## [Source data]

--------------------------------------------------

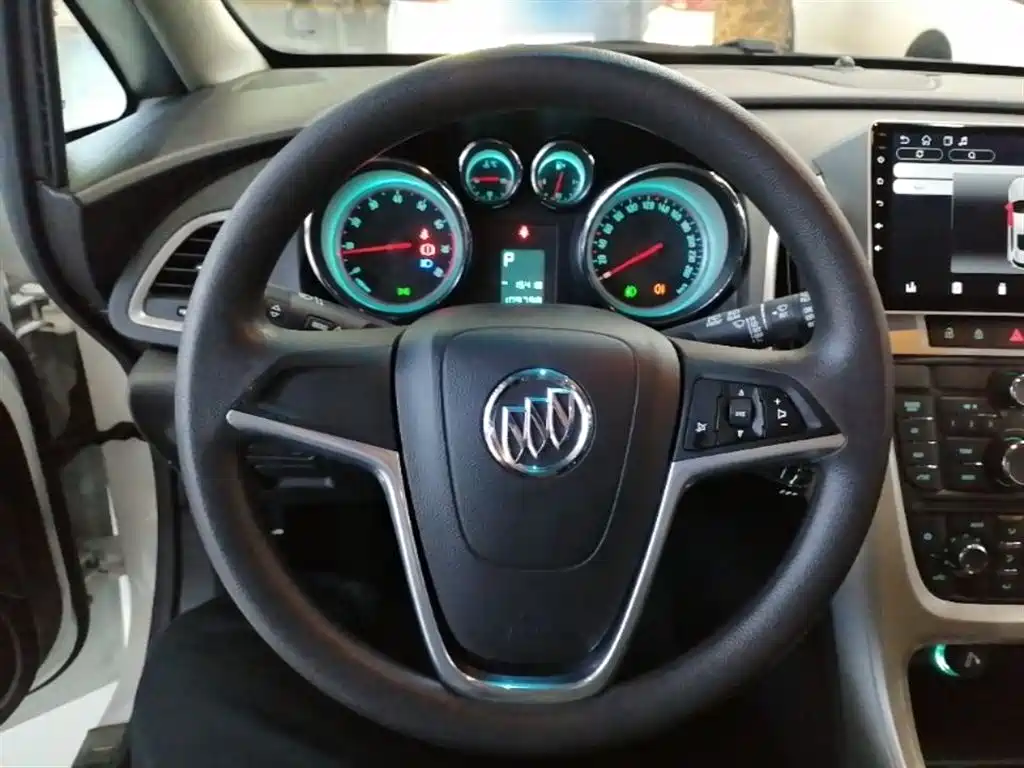 Buick Excelle 2014 XT 1.6L Automatic Fashion фото 11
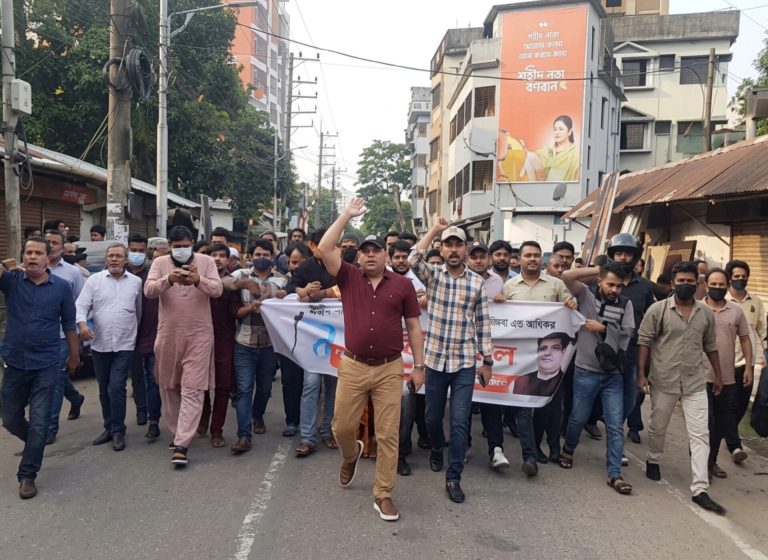পুলিশের সামনেই আ,লীগের ঝটিকা মিছিল, আটক ৪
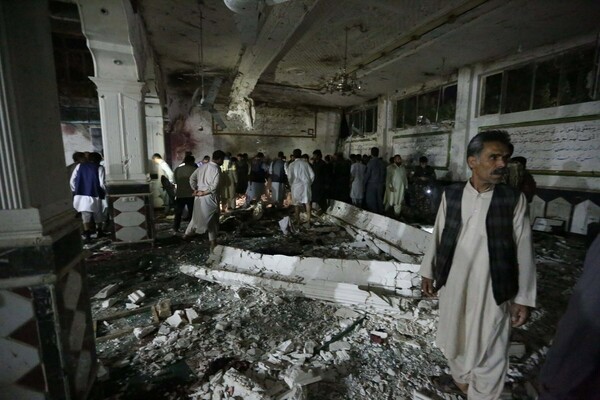 Αφγανιστάν: Θρήνος και οργή για την επίθεση σε τέμενος με τους 33 νεκρούς- Το ΙΚ ανέλαβε την ευθύνη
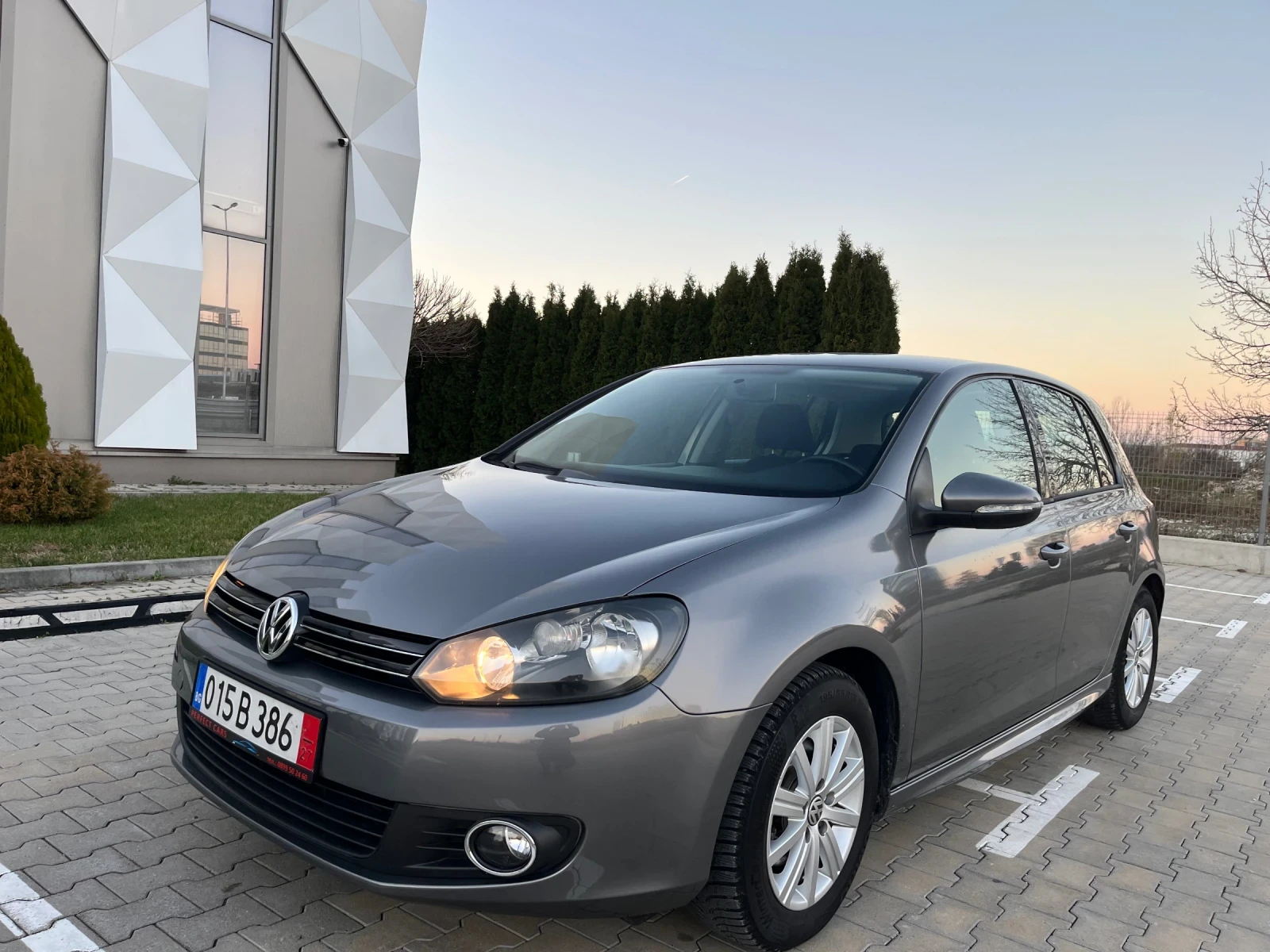 VW Golf 1.6TDi* Navi* Waze* Car play* Android* Perfect*  - изображение 5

--------------------------------------------------

## [Exercise instructions]
Starting at the line that contains "পুলিশের সামনেই আ,লীগের ঝটিকা মিছিল, আটক ৪" and ending at the final line of the data, reproduce each line exactly. Pictures stay out of the copy.

## [Your solution]
পুলিশের সামনেই আ,লীগের ঝটিকা মিছিল, আটক ৪
 Αφγανιστάν: Θρήνος και οργή για την επίθεση σε τέμενος με τους 33 νεκρούς- Το ΙΚ ανέλαβε την ευθύνη
 VW Golf 1.6TDi* Navi* Waze* Car play* Android* Perfect*  - изображение 5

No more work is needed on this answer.